The child was one of three girls aged 3 to 5 among 60 Syrian migrants packed on to the boat when it left Lebanon on Jan. 18. The other two girls were in a “very serious condition” and being monitored closely by doctors, Cypriot health spokesman Charalambos Charilaou said. There were 15 children on the boat, five of them unaccompanied by adults.
A search and rescue team from Cyprus found the flimsy wooden vessel drifting at sea on Wednesday 30 nautical miles off the island’s coast. It had no navigation tools, insufficient fuel, and no food.
The captain, a 47-year-old Syrian man, is under investigation for manslaughter, people trafficking and navigating an unsafe and overcrowded vessel. Famagusta district court remanded him in custody on Thursday for eight days.

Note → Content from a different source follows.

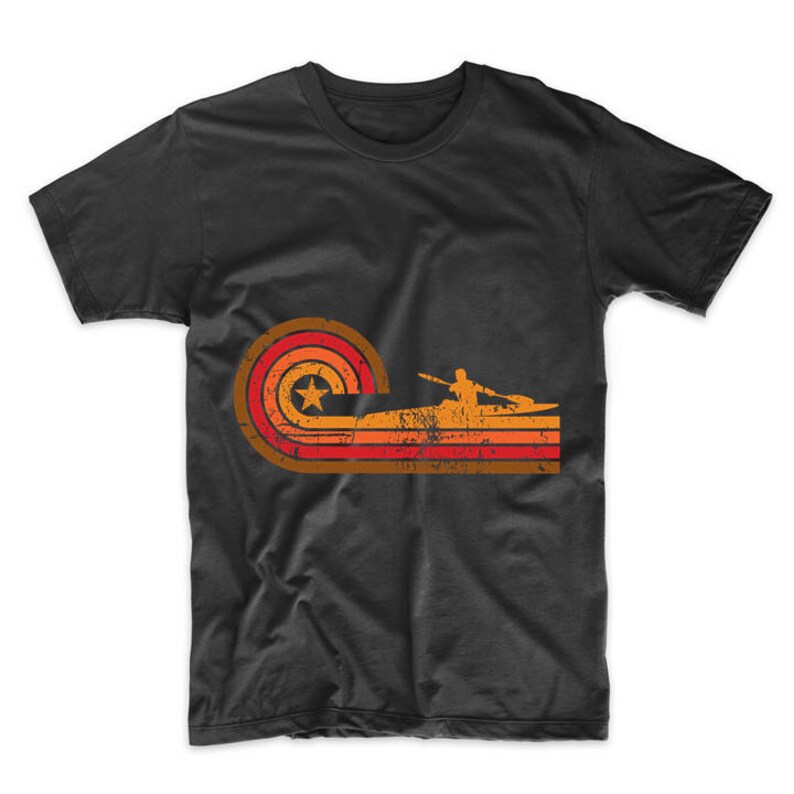 May include: A black t-shirt with a retro-style graphic of a person kayaking in a sunset-colored wave. The graphic features a star and stripes in red, orange, and yellow.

Cypriot government spokesman Konstantinos Letymbiotis said the tragedy “highlights ... in the most dramatic way that migration remains a serious problem that requires a cohesive European approach and policy.”
The total number of irregular arrivals in Cyprus last year was nearly 10,500, while more than 11,000 left voluntarily or were forcibly deported.
Cyprus says it has the highest number of first-time asylum applicants in the EU per capita, although the overall percentage of asylum seekers fell from 6 percent of the population in 2022 to 5.3 percent in 2023.
Cypriot President Nikos Christodoulides urged the Lebanese government to do more to stop the flow of migrants “because we know that it is Syrians arriving, but they come from Lebanon.”